I'd be interested in knowing the stack traces of callers when the collision in the critical section happens. Possibly this small modification of your code could give us traces of the first two threads that collide.

diff --git lib/rust/parser/generate-java/java/org/enso/syntax2/Parser.java lib/rust/parser/generate-java/java/org/enso/syntax2/Parser.java
index 2c375ee840..12290a230b 100644
--- lib/rust/parser/generate-java/java/org/enso/syntax2/Parser.java
+++ lib/rust/parser/generate-java/java/org/enso/syntax2/Parser.java
@@ -5,8 +5,12 @@ import java.net.URISyntaxException;
 import java.nio.ByteBuffer;
 import java.nio.ByteOrder;
 import java.nio.charset.StandardCharsets;
+import java.util.concurrent.atomic.AtomicInteger;
+import java.util.function.Supplier;

 public final class Parser implements AutoCloseable {
+  private final AtomicInteger mutators = new AtomicInteger(0);
+
   private static void initializeLibraries() {
     try {
       System.loadLibrary("enso_parser");
@@ -116,22 +120,39 @@ public final class Parser implements AutoCloseable {
   }

   public ByteBuffer parseInputLazy(CharSequence input) {
-    byte[] inputBytes = input.toString().getBytes(StandardCharsets.UTF_8);
-    ByteBuffer inputBuf = ByteBuffer.allocateDirect(inputBytes.length);
-    inputBuf.put(inputBytes);
-    return parseTreeLazy(state, inputBuf);
+    return criticalSection(
+        () -> {
+          byte[] inputBytes = input.toString().getBytes(StandardCharsets.UTF_8);
+          ByteBuffer inputBuf = ByteBuffer.allocateDirect(inputBytes.length);
+          inputBuf.put(inputBytes);
+          return parseTreeLazy(state, inputBuf);
+        });
   }

   public Tree parse(CharSequence input) {
-    byte[] inputBytes = input.toString().getBytes(StandardCharsets.UTF_8);
-    ByteBuffer inputBuf = ByteBuffer.allocateDirect(inputBytes.length);
-    inputBuf.put(inputBytes);
-    var serializedTree = parseTree(state, inputBuf);
-    var base = getLastInputBase(state);
-    var metadata = getMetadata(state);
-    serializedTree.order(ByteOrder.LITTLE_ENDIAN);
-    var message = new Message(serializedTree, input, base, metadata);
-    return Tree.deserialize(message);
+    return criticalSection(
+        () -> {
+          byte[] inputBytes = input.toString().getBytes(StandardCharsets.UTF_8);
+          ByteBuffer inputBuf = ByteBuffer.allocateDirect(inputBytes.length);
+          inputBuf.put(inputBytes);
+          var serializedTree = parseTree(state, inputBuf);
+          var base = getLastInputBase(state);
+          var metadata = getMetadata(state);
+          serializedTree.order(ByteOrder.LITTLE_ENDIAN);
+          var message = new Message(serializedTree, input, base, metadata);
+          return Tree.deserialize(message);
+        });
+  }
+
+  private <R> R criticalSection(Supplier<R> action) {
+    if (mutators.getAndIncrement() != 0) {
+      throw new IllegalStateException("Race condition detected.
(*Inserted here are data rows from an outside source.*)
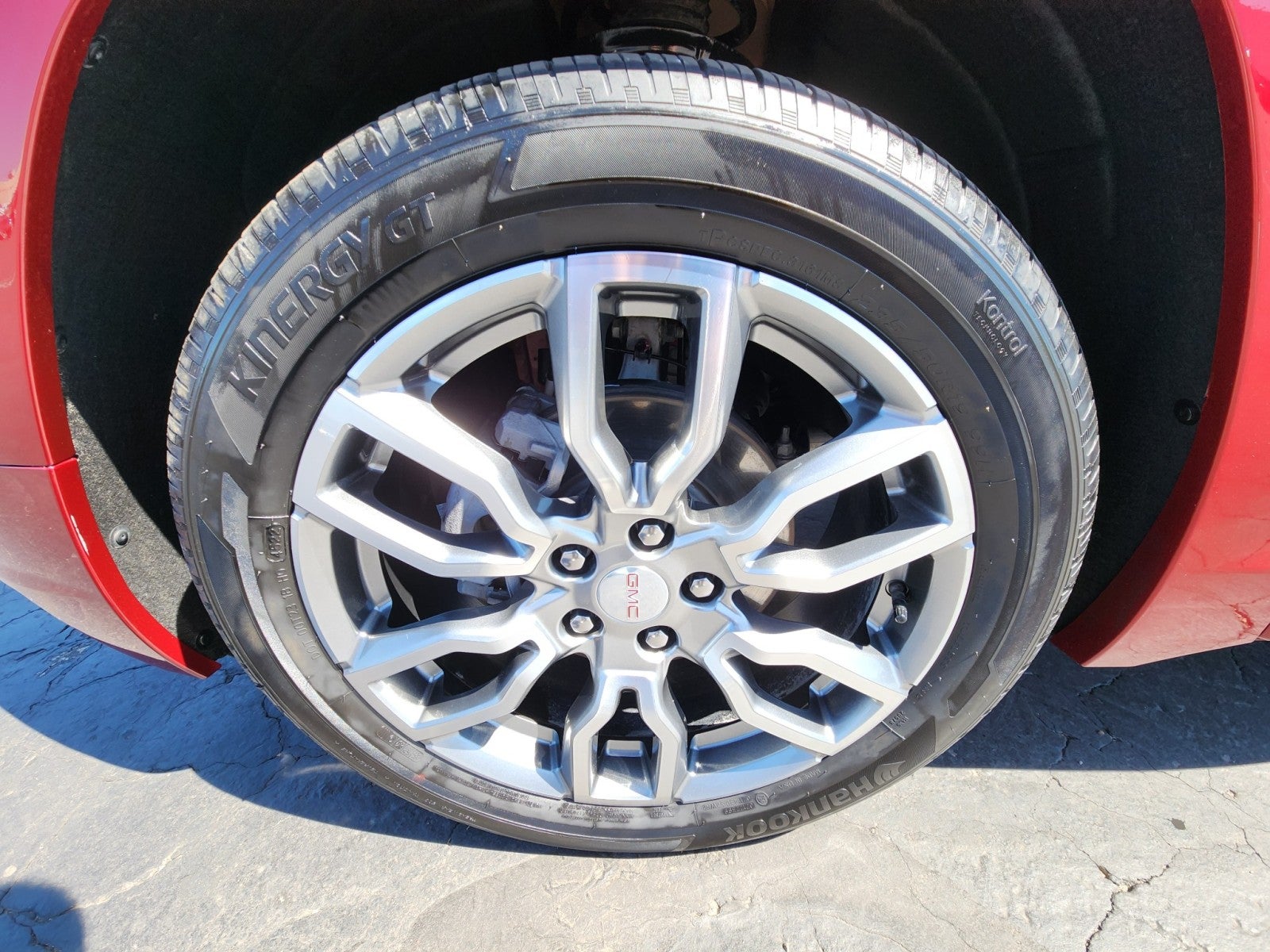 2023 GMC Terrain Denali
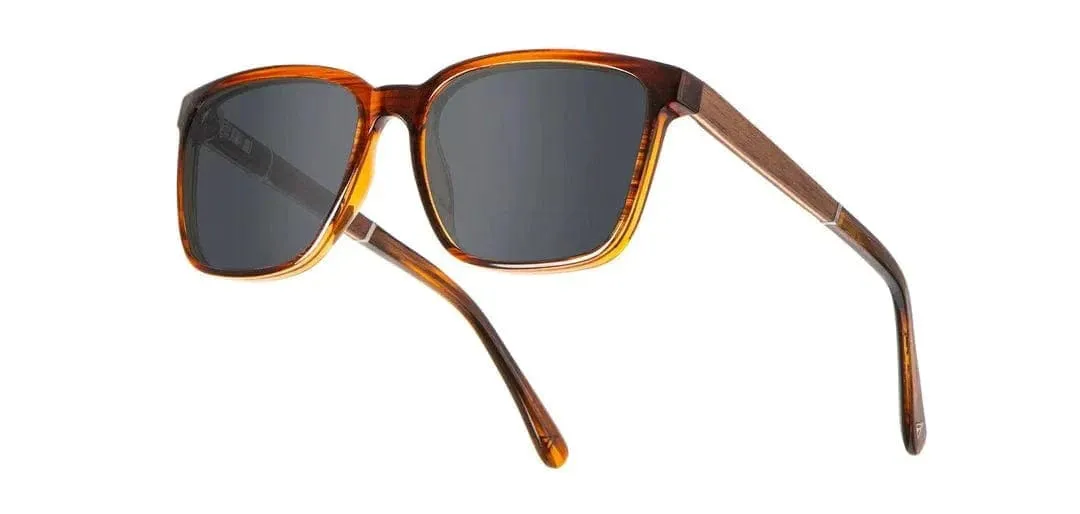 CAMP Eyewear Crag Sunglasses Tortoise | Walnut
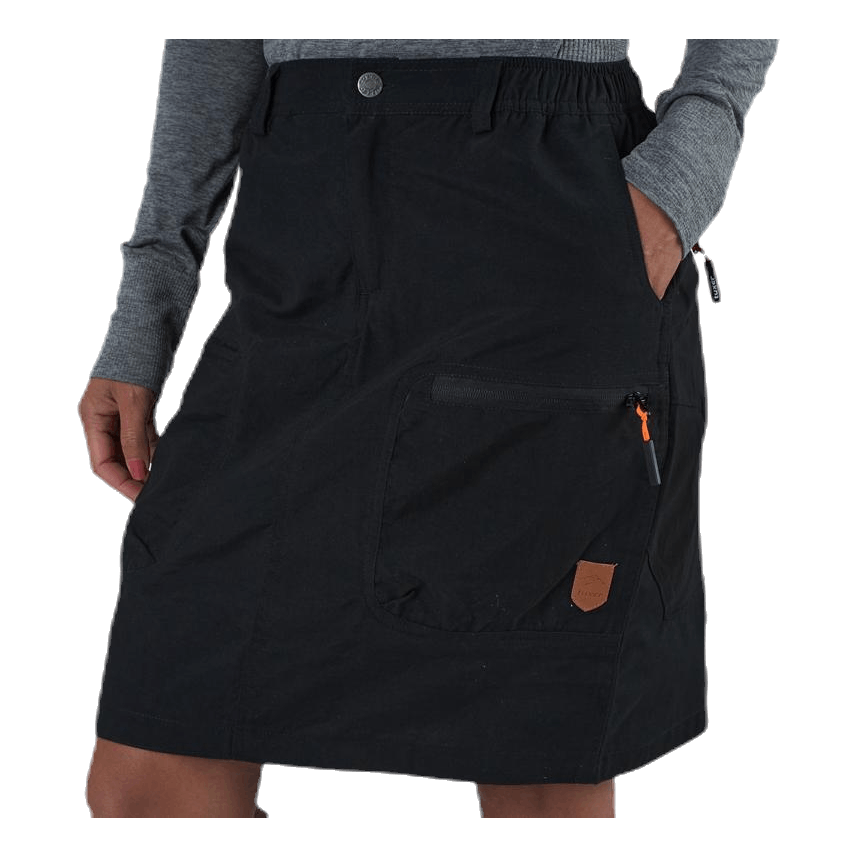 Hunter Skort W Black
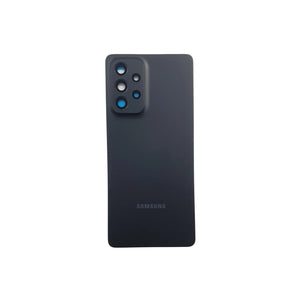 Tapa Trasera Samsung A53 5G (A536) Carcasa Negro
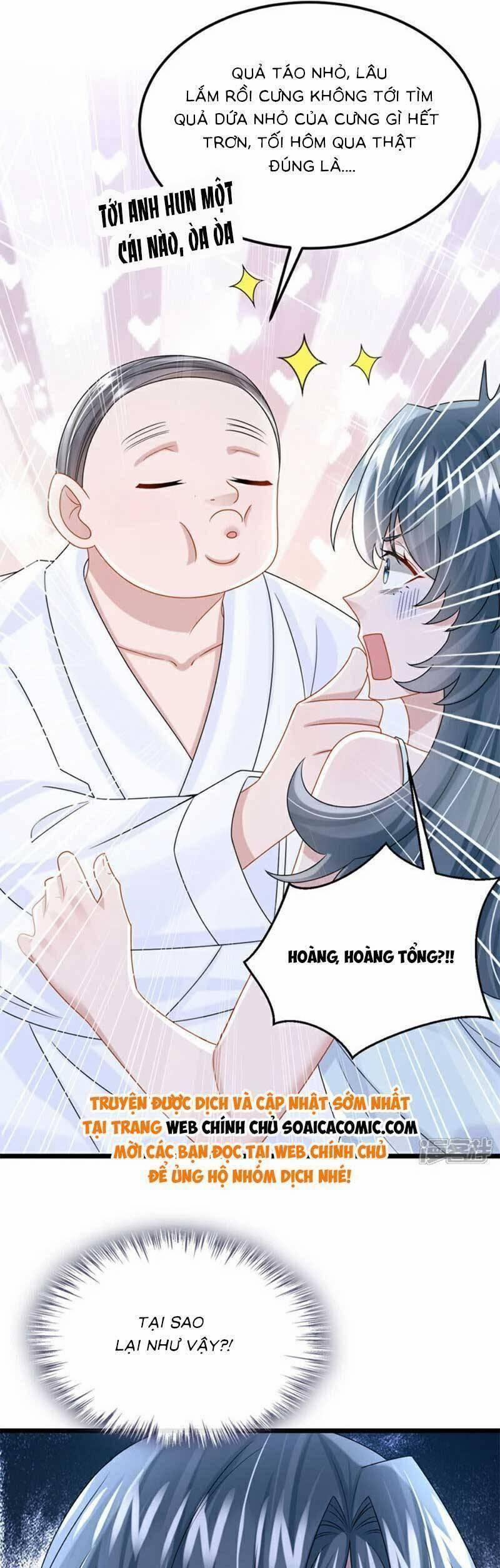 Manh Bảo Của Tôi Là Liêu Cơ 192 trang 6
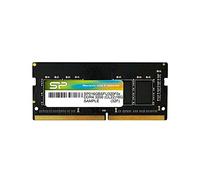 SILICON POWER - DDR4 - module - 16 Go - SO DIMM 260 broches - 3200 MHz / PC4-25600 - CL22 - 1.2 V - mémoire sans tampon - non ECC G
On enter.");
+    }
+    var r = action.get();
+    if (mutators.getAndDecrement() != 1) {
+      throw new IllegalStateException("Race condition detected. On exit.");
+    }
+    return r;
   }

   public static String getWarningMessage(Warning warning) {

then there is going to be a lot of warnings, as the counters will be off. Or maybe new IllegalStateException("...").printStackTrace() to make sure the stacktrace is visible and the counter gets back to 0 unless there is an error.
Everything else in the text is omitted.